RPKI CA Software downtime

Incident Report for RIPE NCC

Postmortem

At 02:20 UTC, the RPKI core systems and Publication as a Service (PAAS) were unavailable. Around 06:00 UTC, Publication as a Service was fully operational again. Any changes made during the outage are lost. Since these are changes from automated systems, recovery should be automatic.

Due to an issue with an NFS volume share, both RPKI CA and PaaS were unavailable.
The RPKI on-call engineer first began troubleshooting the RPKI CA issue, hence why troubleshooting the issue with the Publication as a Service (PAAS) was delayed. Unlike the issue with RPKI CA systems, the backup of the PaaS service was also unreachable, which meant restoring directly on the filesystem was not a possible workaround. At 04:00 UTC, the owners of the NFS service were contacted, and they started investigating the unavailability of the NFS. Around 06:00 UTC, the service was restored, and Publication as a Service was again operational.

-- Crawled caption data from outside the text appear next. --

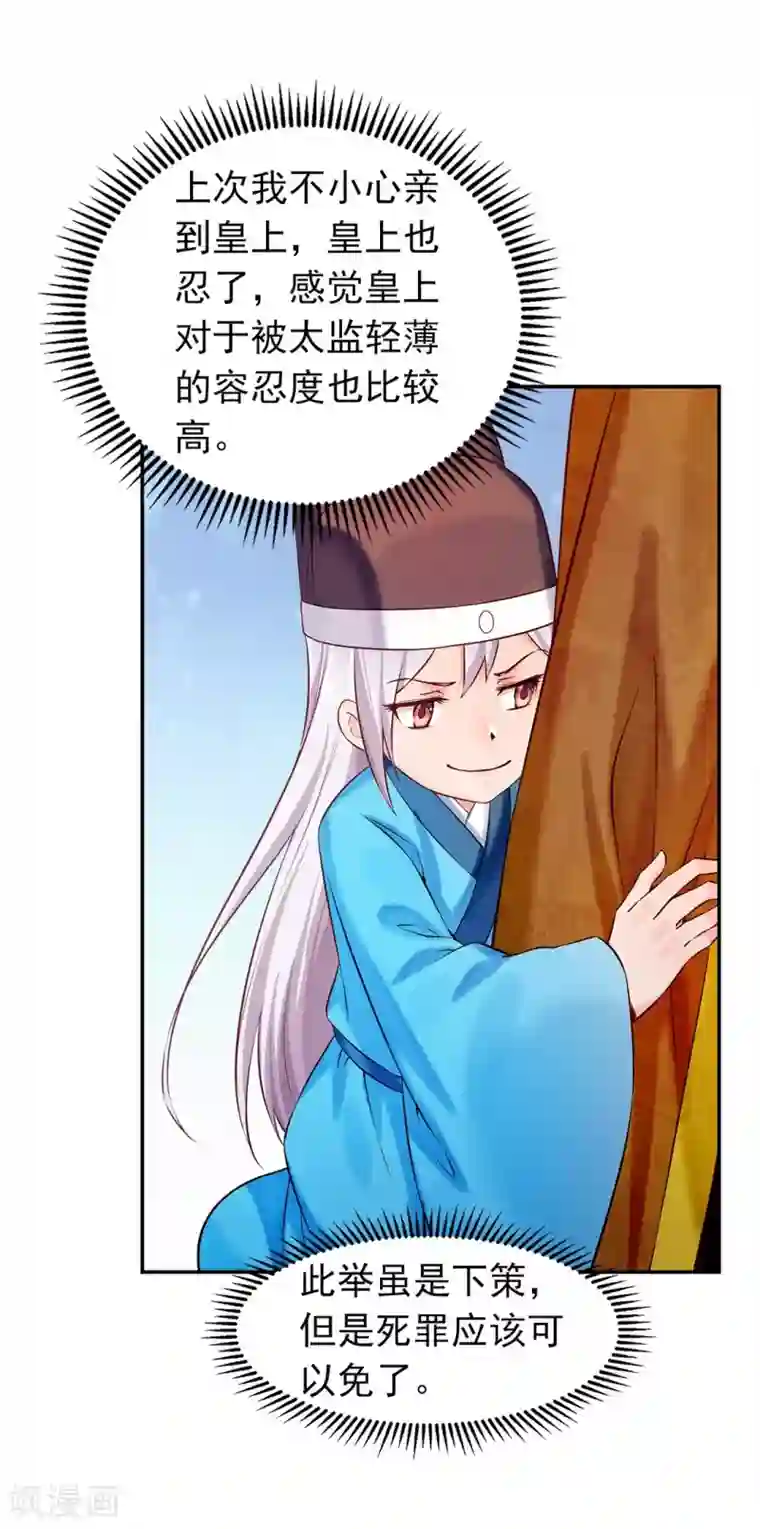 陛下请自重第41话 田七表白？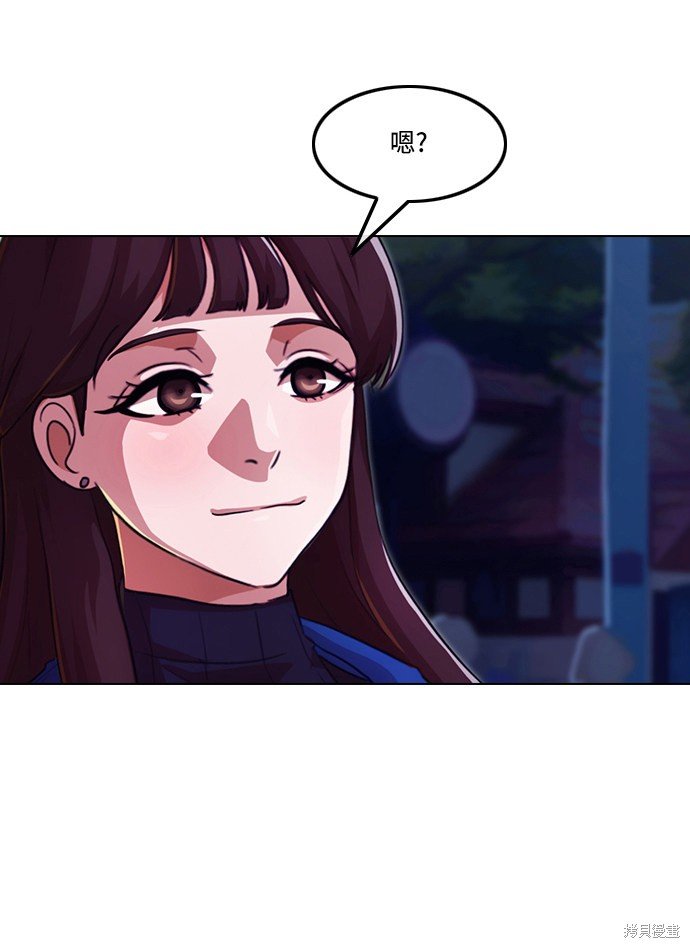 第99话
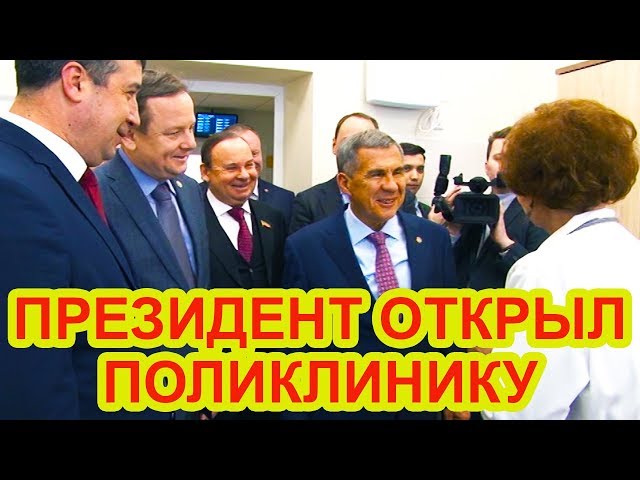 ВИДЕО:  Президент РТ открыл поликлинику в Чистополе, ознакомился с работой местных предприятий и организаций, принял участие в работе заседания Совета Чистопольского района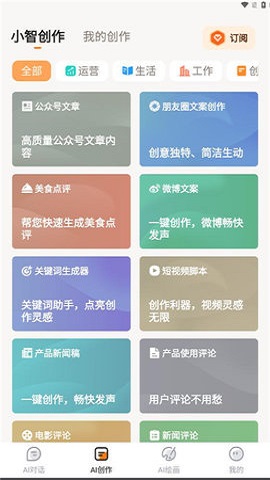 非凡智艺图3
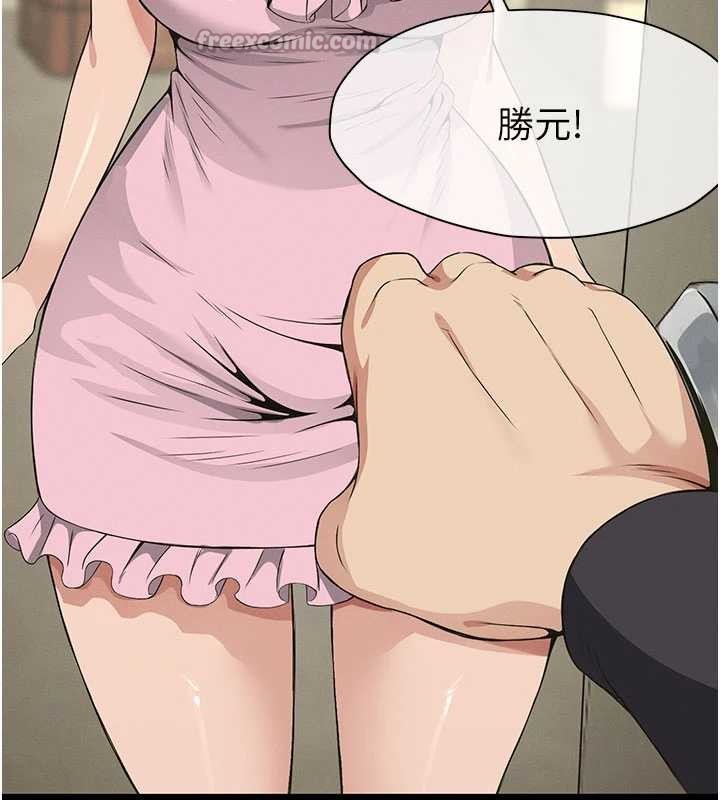 尸变家园:以身相许第35話-女子本弱,為母則強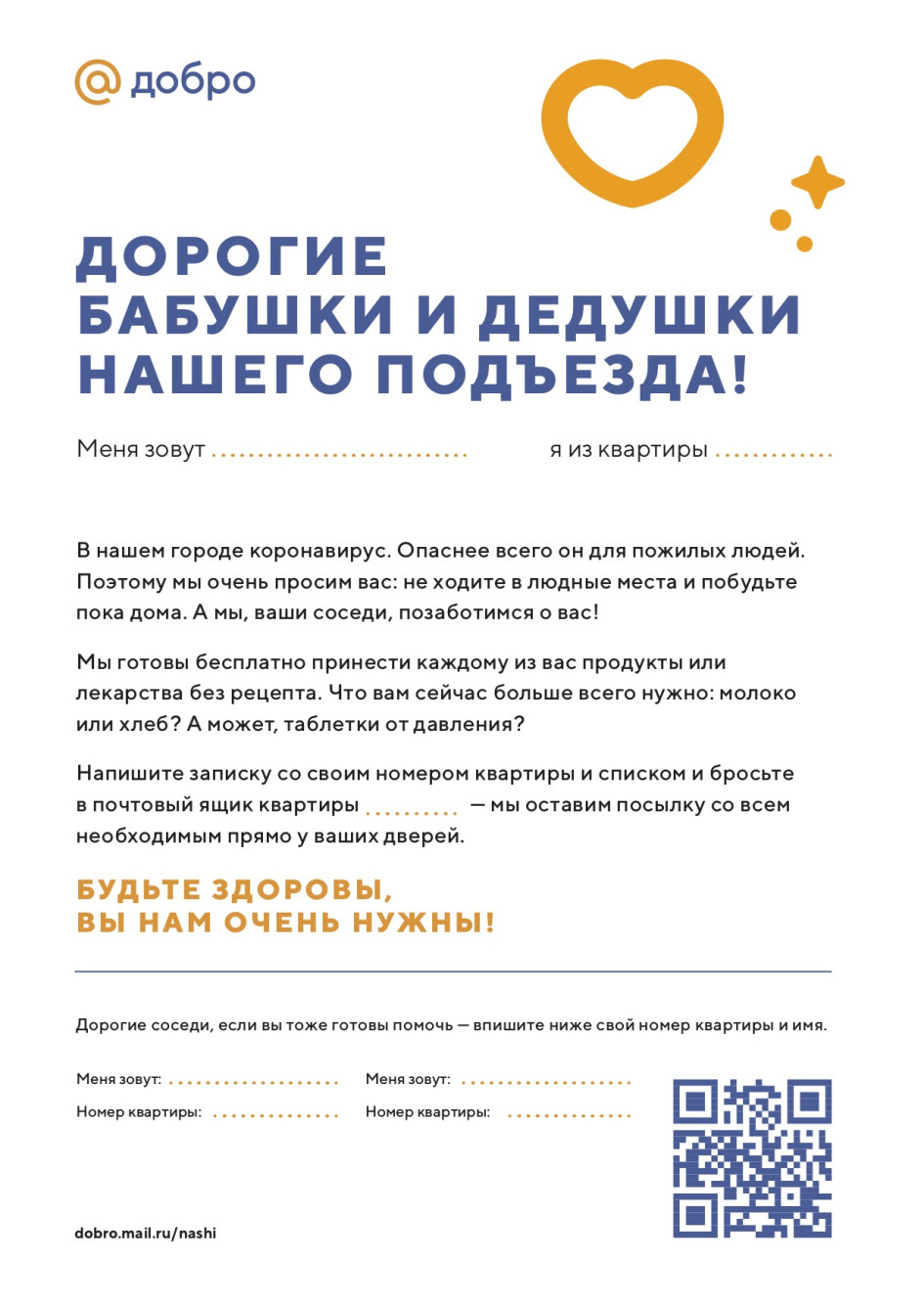 Образец плаката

During the outage of the NFS service, the Krill instance that publishes objects for our PAAS had no data and therefore initialized an empty repository. This caused the RRDP and rsync repositories for PAAS to temporarily contain no objects.

Apologies for any inconvenience this has caused.

Posted Jun 19, 2025 - 14:48 CEST

Resolved

This incident has been resolved.
Posted Jun 19, 2025 - 06:05 CEST

Investigating

We are currently investigating this issue.
Posted Jun 19, 2025 - 04:30 CEST
This incident affected: RPKI (RPKI Dashboard, Publication as a Service (API endpoints)).